◆ **Material shown**
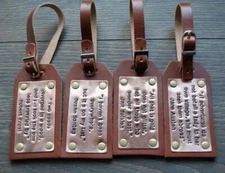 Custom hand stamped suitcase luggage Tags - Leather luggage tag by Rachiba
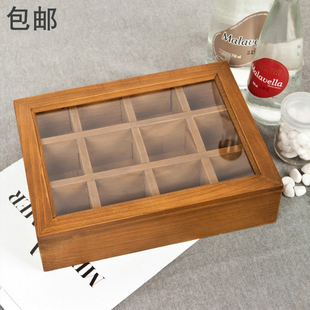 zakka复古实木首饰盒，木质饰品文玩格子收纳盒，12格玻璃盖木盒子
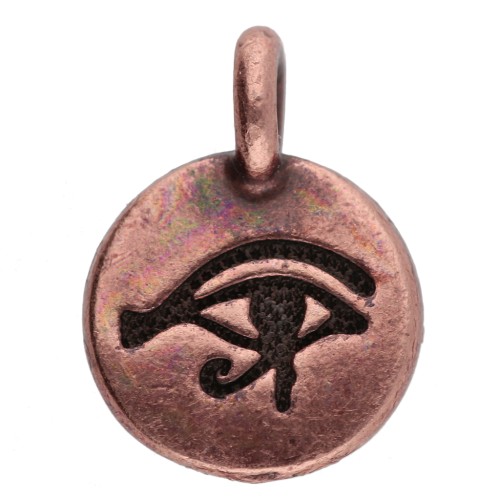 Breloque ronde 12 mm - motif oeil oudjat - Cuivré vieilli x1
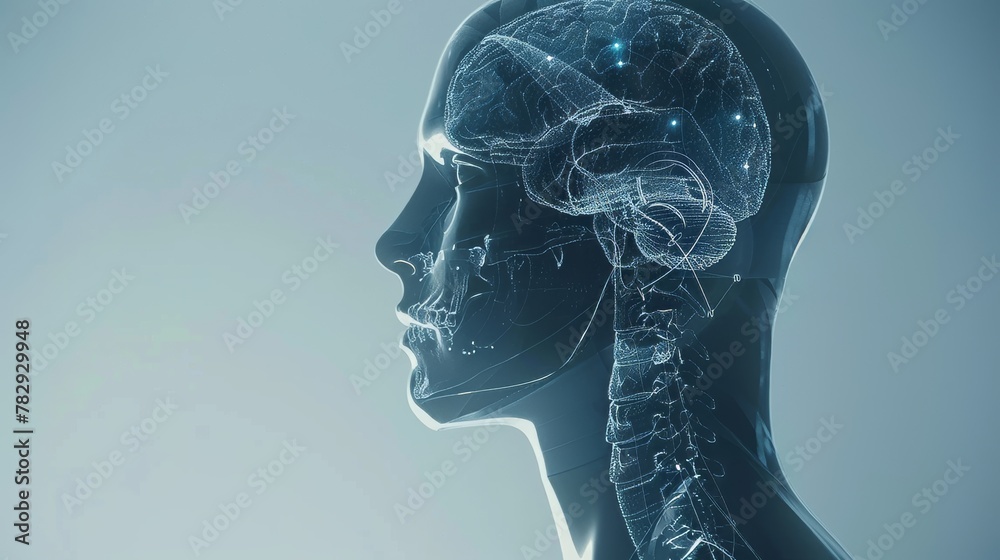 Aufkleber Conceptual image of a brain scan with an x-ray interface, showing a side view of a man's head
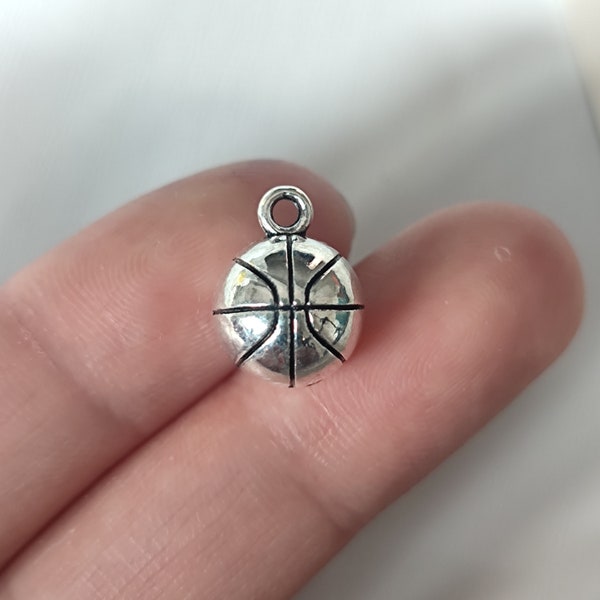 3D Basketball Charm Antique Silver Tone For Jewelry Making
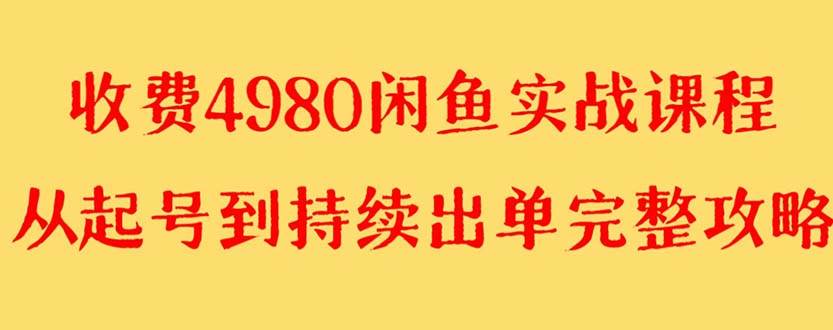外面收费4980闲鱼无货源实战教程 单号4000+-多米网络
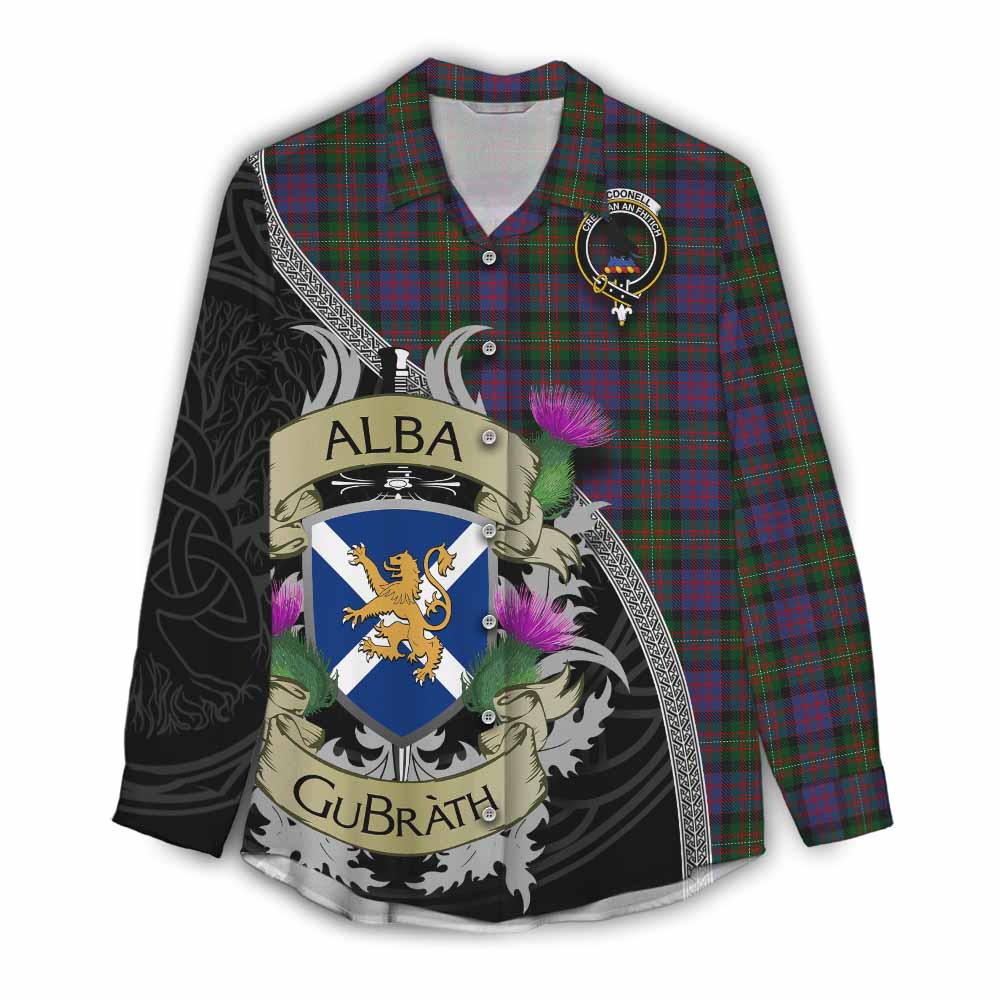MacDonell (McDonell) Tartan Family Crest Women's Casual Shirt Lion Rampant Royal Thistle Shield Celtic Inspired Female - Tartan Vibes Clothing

◆ **Problem**
Without copying any picture, repeat all of the entries exactly.

◆ **Response box**
 Custom hand stamped suitcase luggage Tags - Leather luggage tag by Rachiba
 zakka复古实木首饰盒，木质饰品文玩格子收纳盒，12格玻璃盖木盒子
 Breloque ronde 12 mm - motif oeil oudjat - Cuivré vieilli x1
 Aufkleber Conceptual image of a brain scan with an x-ray interface, showing a side view of a man's head
 3D Basketball Charm Antique Silver Tone For Jewelry Making
外面收费4980闲鱼无货源实战教程 单号4000+-多米网络
MacDonell (McDonell) Tartan Family Crest Women's Casual Shirt Lion Rampant Royal Thistle Shield Celtic Inspired Female - Tartan Vibes Clothing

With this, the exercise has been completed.